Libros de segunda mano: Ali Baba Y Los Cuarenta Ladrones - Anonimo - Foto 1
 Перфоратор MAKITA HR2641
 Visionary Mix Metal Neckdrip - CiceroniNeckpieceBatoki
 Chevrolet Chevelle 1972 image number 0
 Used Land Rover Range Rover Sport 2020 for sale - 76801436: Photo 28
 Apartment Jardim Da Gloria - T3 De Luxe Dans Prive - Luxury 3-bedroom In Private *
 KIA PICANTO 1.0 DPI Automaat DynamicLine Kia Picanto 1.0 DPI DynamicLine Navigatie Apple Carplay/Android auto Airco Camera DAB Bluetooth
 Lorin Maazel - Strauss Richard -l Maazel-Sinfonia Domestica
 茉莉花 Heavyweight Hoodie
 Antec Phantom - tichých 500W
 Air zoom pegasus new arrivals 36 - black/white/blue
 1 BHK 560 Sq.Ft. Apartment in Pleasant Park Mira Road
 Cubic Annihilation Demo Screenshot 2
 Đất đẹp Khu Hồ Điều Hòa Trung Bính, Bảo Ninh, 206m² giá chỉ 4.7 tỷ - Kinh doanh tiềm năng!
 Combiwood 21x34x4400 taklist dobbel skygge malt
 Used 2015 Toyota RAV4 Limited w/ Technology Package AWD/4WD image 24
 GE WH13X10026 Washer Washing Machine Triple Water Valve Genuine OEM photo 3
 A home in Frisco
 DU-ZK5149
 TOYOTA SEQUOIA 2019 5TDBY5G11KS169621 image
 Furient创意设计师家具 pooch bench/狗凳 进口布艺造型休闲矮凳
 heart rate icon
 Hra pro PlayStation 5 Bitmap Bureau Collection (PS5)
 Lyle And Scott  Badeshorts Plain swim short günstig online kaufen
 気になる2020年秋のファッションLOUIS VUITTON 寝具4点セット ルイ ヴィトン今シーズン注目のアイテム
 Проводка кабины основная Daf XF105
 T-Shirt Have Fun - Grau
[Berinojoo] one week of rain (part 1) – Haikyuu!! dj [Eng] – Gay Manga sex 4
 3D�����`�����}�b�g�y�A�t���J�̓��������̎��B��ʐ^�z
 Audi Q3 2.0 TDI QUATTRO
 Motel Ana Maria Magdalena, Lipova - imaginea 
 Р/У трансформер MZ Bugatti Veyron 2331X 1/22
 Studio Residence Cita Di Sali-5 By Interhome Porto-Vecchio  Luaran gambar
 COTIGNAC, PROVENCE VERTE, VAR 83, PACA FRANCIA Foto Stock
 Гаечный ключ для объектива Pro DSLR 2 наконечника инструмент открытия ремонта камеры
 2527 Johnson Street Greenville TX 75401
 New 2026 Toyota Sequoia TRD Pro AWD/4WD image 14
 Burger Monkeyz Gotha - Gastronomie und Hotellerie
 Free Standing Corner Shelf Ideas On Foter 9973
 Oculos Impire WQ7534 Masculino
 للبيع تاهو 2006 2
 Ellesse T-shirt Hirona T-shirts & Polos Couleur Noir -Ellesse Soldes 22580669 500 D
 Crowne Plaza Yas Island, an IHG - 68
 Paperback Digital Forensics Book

★ ★ ★ ★ ★ ★ ★

In the records above, find each line that holds the word "Foto"; copy all such lines.

Libros de segunda mano: Ali Baba Y Los Cuarenta Ladrones - Anonimo - Foto 1
 COTIGNAC, PROVENCE VERTE, VAR 83, PACA FRANCIA Foto Stock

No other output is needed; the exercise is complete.